> [What you need to do]
Only the lines below from the one with "We have now" through the one with "Hello, welcome to" are to be written out, exactly and without any images.

> [Records to use]

┌──

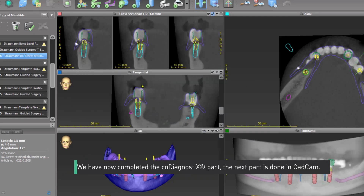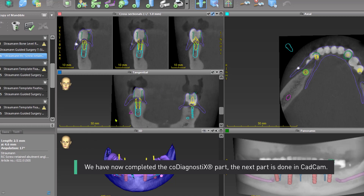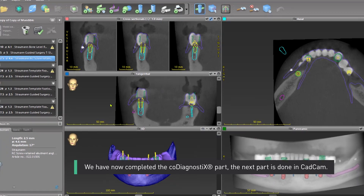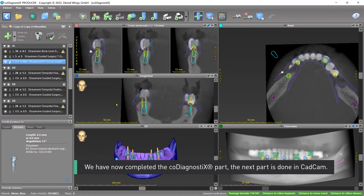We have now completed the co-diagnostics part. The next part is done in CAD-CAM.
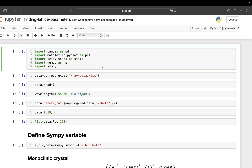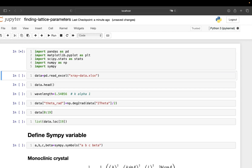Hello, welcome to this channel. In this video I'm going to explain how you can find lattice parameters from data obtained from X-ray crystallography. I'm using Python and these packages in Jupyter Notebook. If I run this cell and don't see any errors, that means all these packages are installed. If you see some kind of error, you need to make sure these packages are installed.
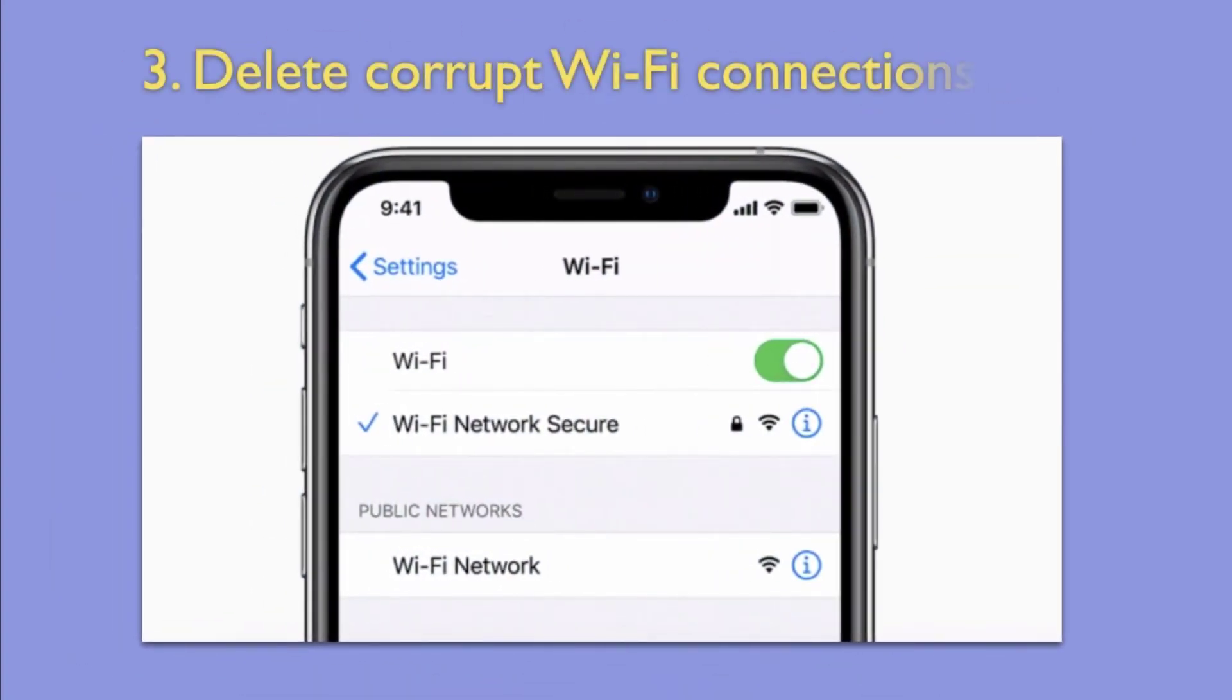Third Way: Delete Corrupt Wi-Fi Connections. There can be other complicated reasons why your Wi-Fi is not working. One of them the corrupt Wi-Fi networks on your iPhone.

└──
┌──

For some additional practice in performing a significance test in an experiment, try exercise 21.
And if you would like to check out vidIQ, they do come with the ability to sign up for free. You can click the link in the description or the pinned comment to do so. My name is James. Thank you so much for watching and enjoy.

└──
┌──

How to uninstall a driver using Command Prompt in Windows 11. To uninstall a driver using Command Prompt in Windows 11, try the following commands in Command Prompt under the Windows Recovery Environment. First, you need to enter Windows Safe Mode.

└──

> [Exercise solution]
We have now completed the co-diagnostics part. The next part is done in CAD-CAM.
Hello, welcome to this channel. In this video I'm going to explain how you can find lattice parameters from data obtained from X-ray crystallography. I'm using Python and these packages in Jupyter Notebook. If I run this cell and don't see any errors, that means all these packages are installed. If you see some kind of error, you need to make sure these packages are installed.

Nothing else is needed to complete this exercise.